■ WORK INSTRUCTIONS
Copy out and return the lines from the one holding "vidaXL Cadre de" to the end of the listing below, both included, omitting the pictures.

■ SUPPLIED MATERIAL
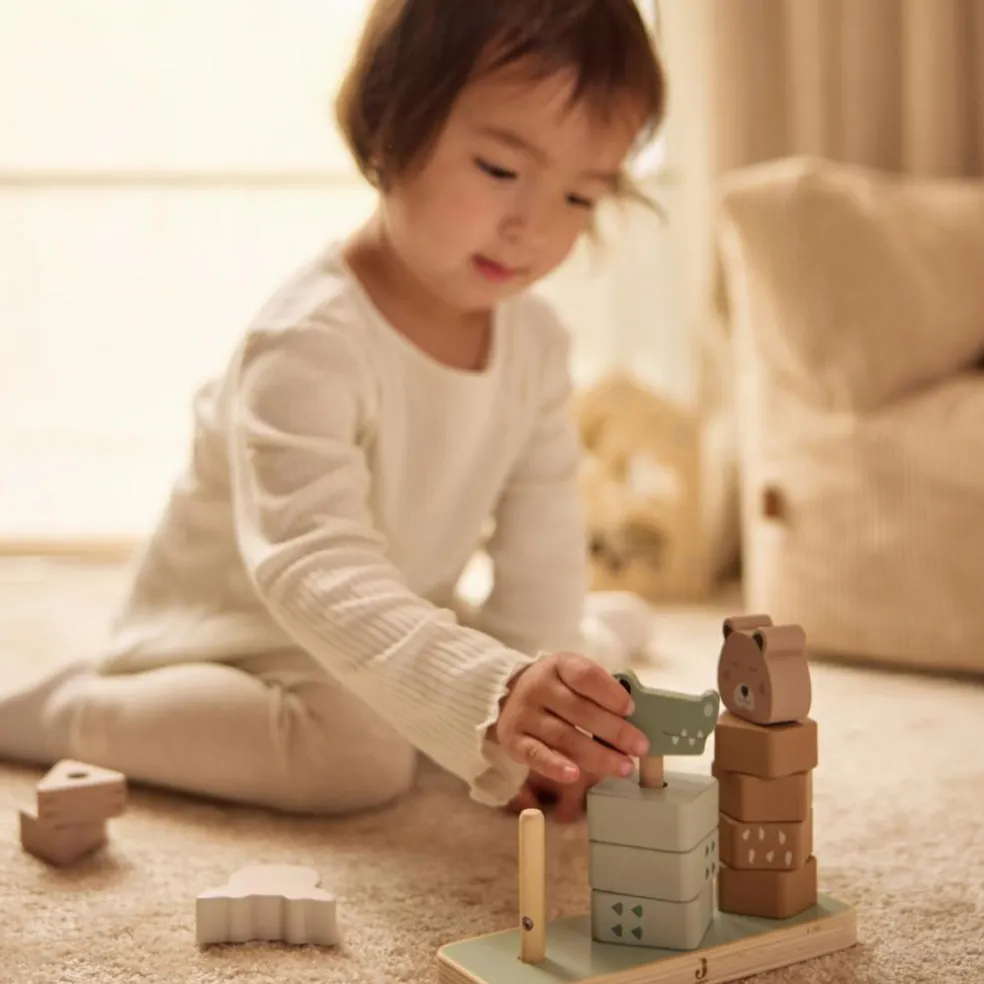 Animaux à empiler en bois Jungle Jambo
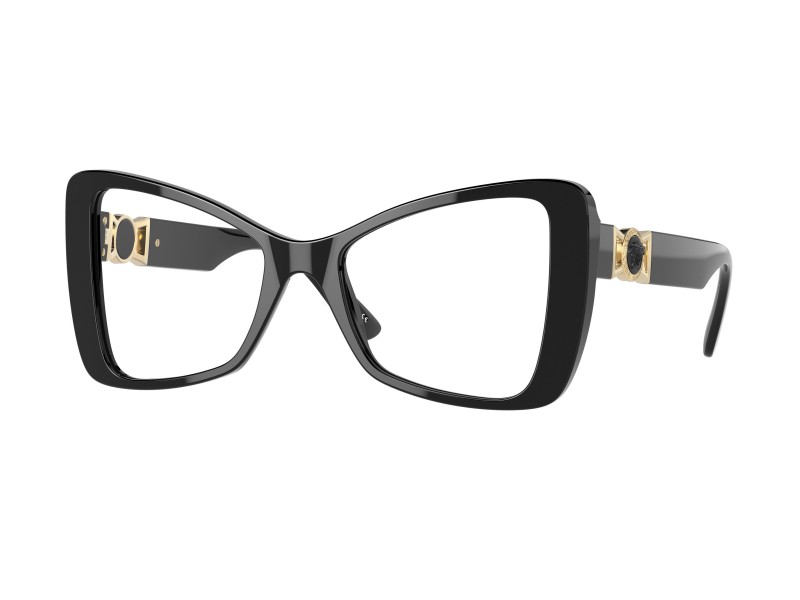 Versace VE3312 GB1 fekete szemüveg (DEMO lencse)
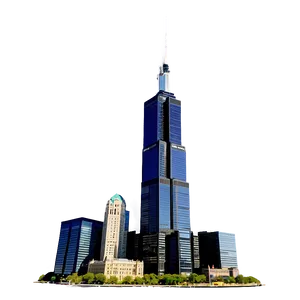 Willis Tower Chicago Png Uvq PNG Image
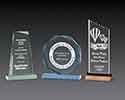 Three acrylic awards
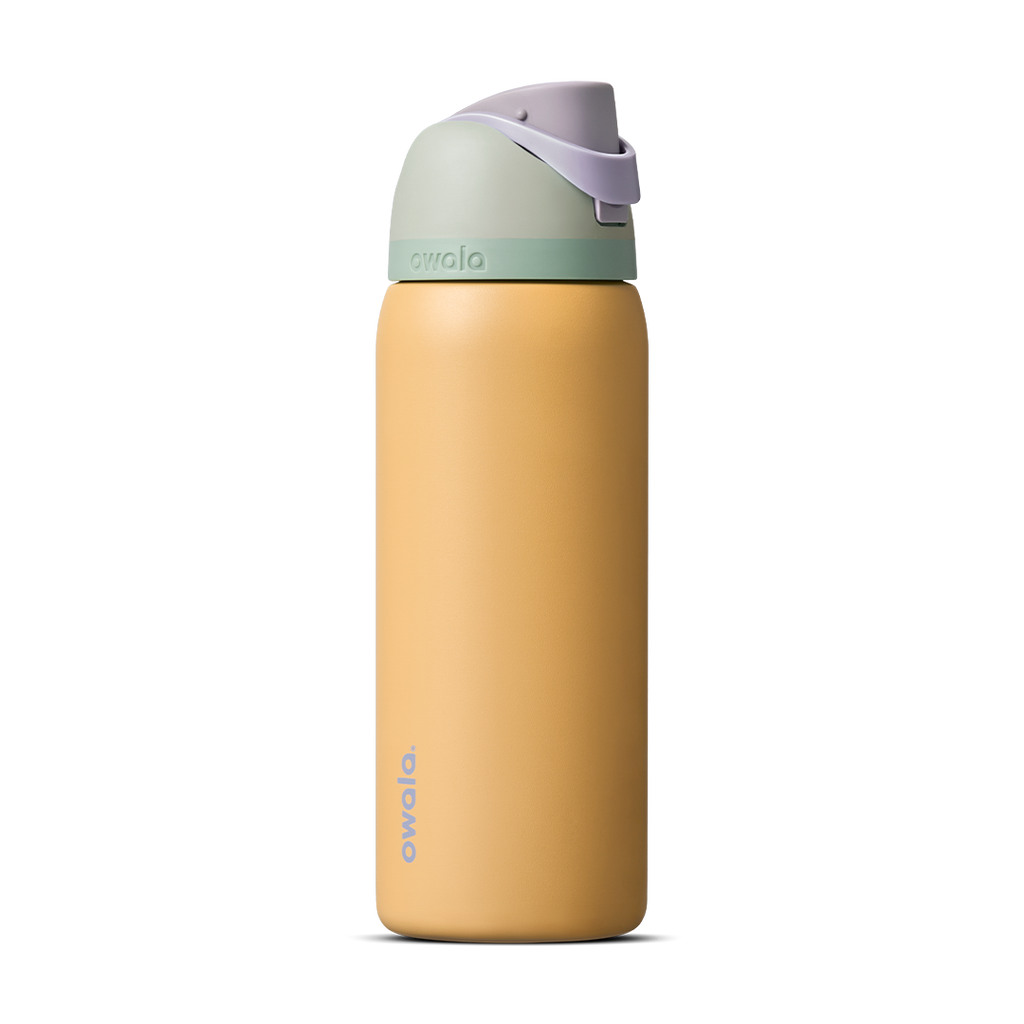 Owala FreeSip EMEA, Stainless Steel / Plastic, 24oz / 32oz / 16oz / 25oz — Beachfront / Stainless Steel / 32oz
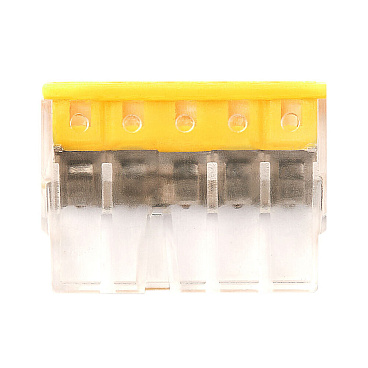 Клемма на 5 проводов КМ 2273-205 0,5-2,5 кв.мм самозажимная без пасты (6 шт.) (ЦБ-00021637)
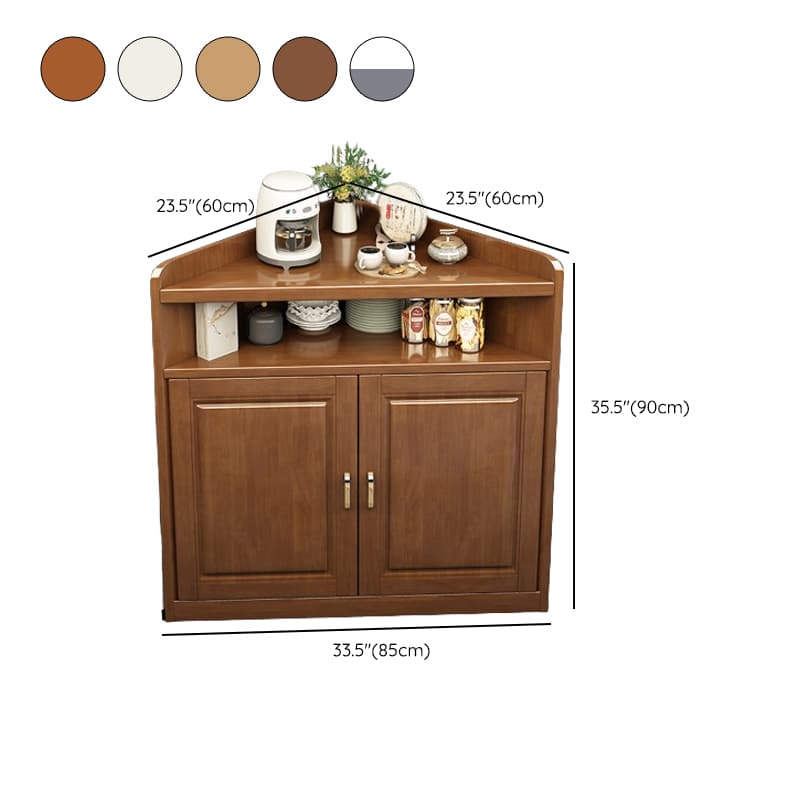 Independent Rubberwood Utility Storage Cabinet with Shelves, Living Room thumbnail 16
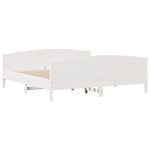 vidaXL Cadre de lit sans matelas blanc 200x200 cm bois massif de pin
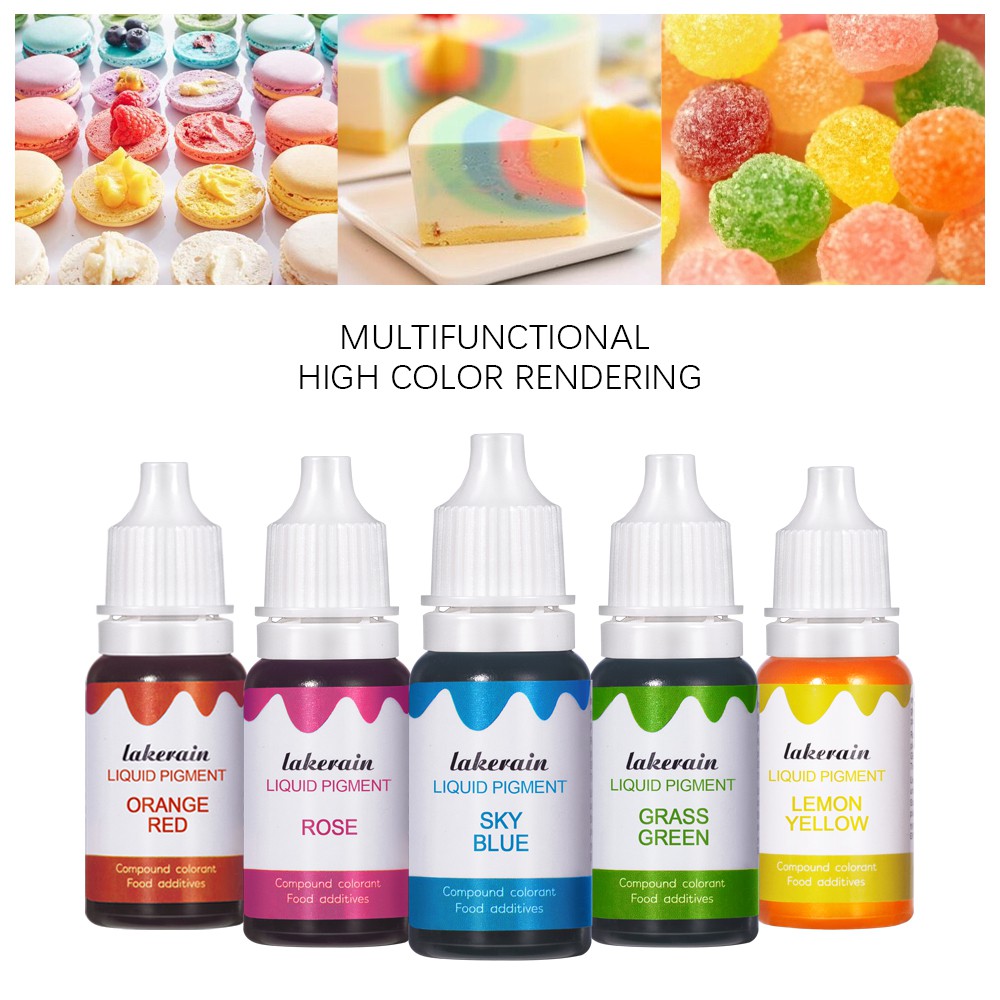 Màu Sắc Tố Cao Dạng Lỏng 10ml 1~20 Màu Tự Làm Trang Sức Tiện Dụng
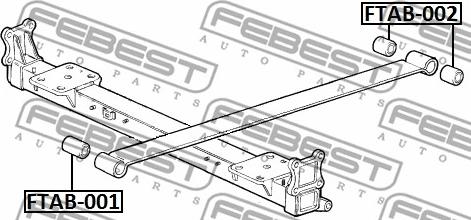 Febest FTAB-002 - Kolu, yarpaq bulaq furqanavto.az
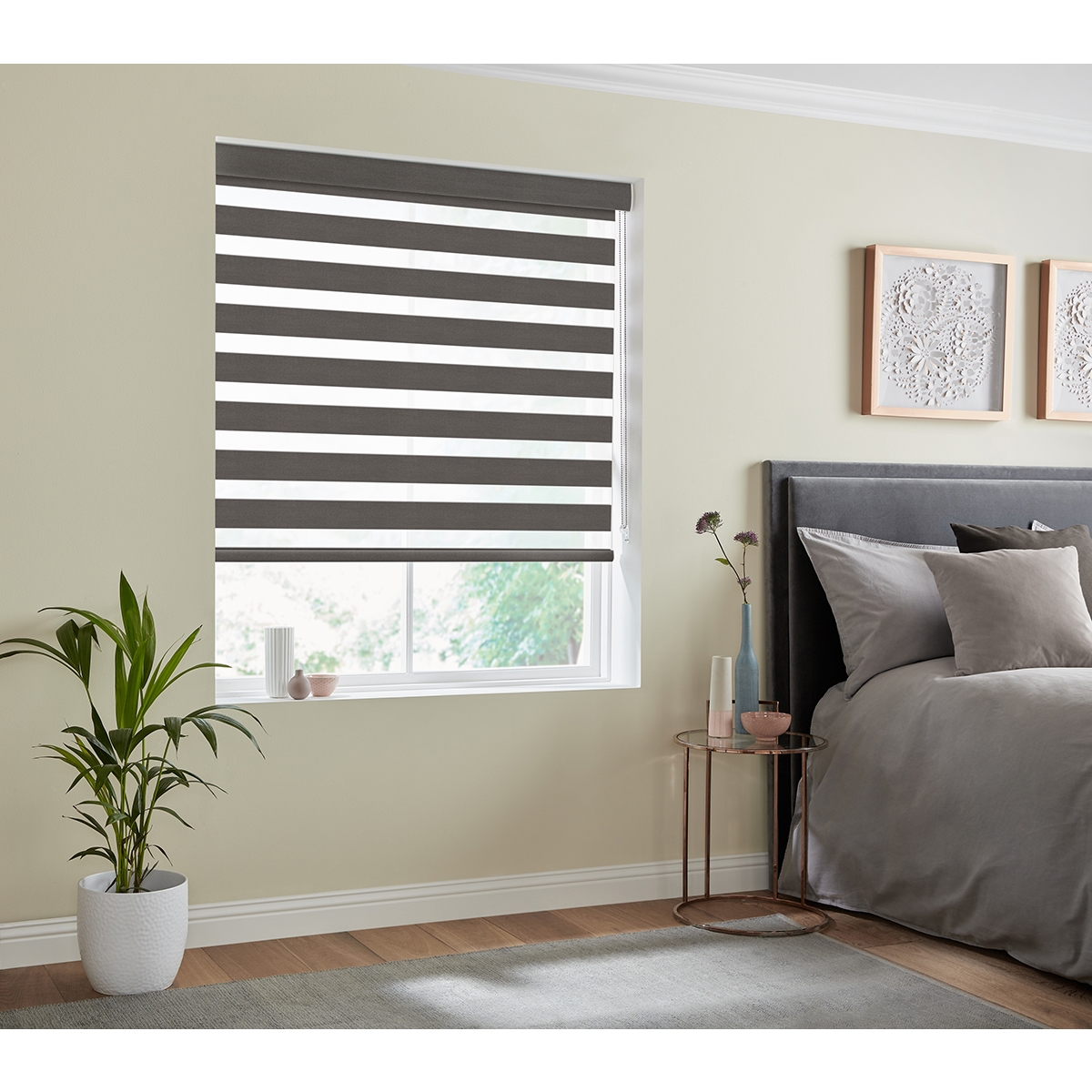 Product photograph of Vienna Anthracite Fifty50 Blinds from Choice Furniture Superstore.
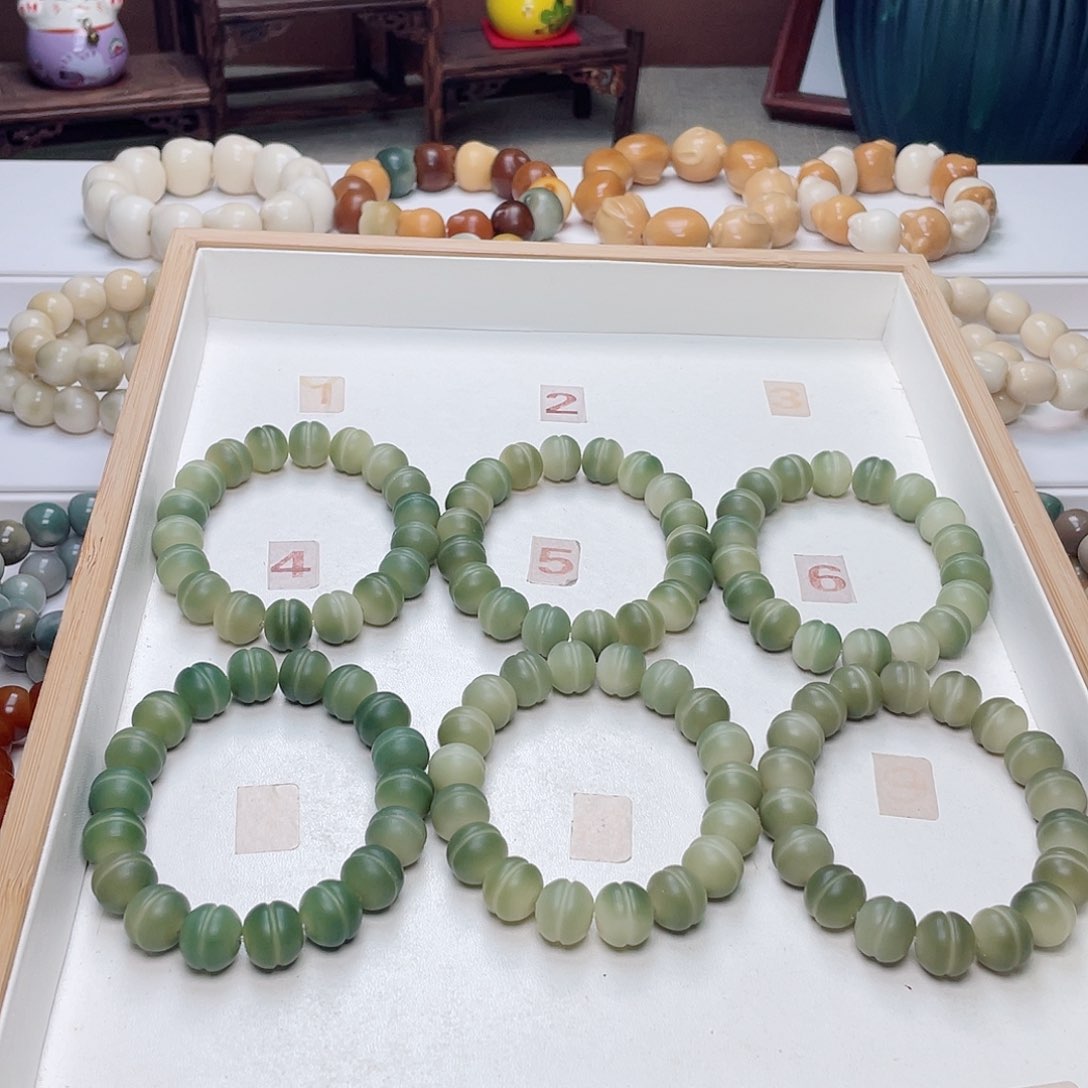 菩提根/象牙果手串汉堡珠手串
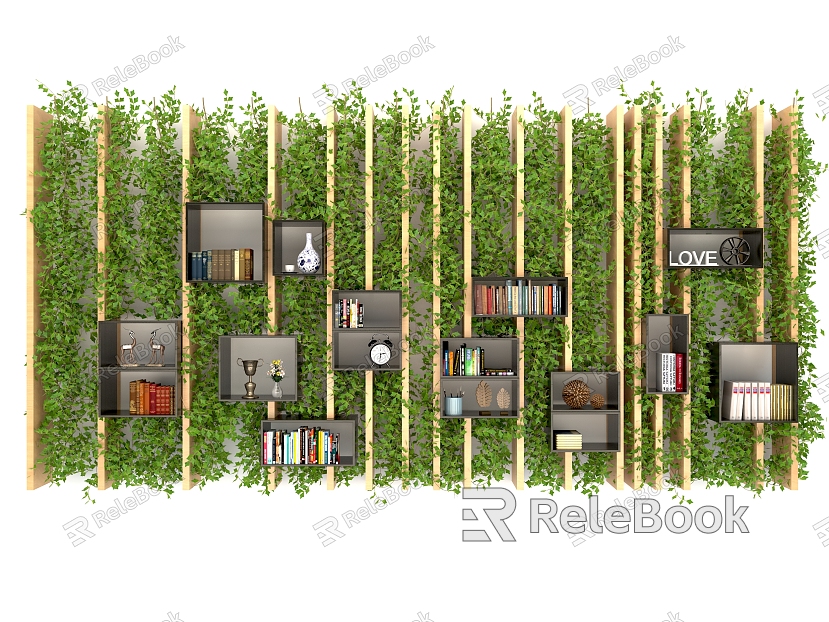 modern green plant wall green plant model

■ SOLUTION
 vidaXL Cadre de lit sans matelas blanc 200x200 cm bois massif de pin
 Màu Sắc Tố Cao Dạng Lỏng 10ml 1~20 Màu Tự Làm Trang Sức Tiện Dụng
 Febest FTAB-002 - Kolu, yarpaq bulaq furqanavto.az
 Product photograph of Vienna Anthracite Fifty50 Blinds from Choice Furniture Superstore.
 菩提根/象牙果手串汉堡珠手串
 modern green plant wall green plant model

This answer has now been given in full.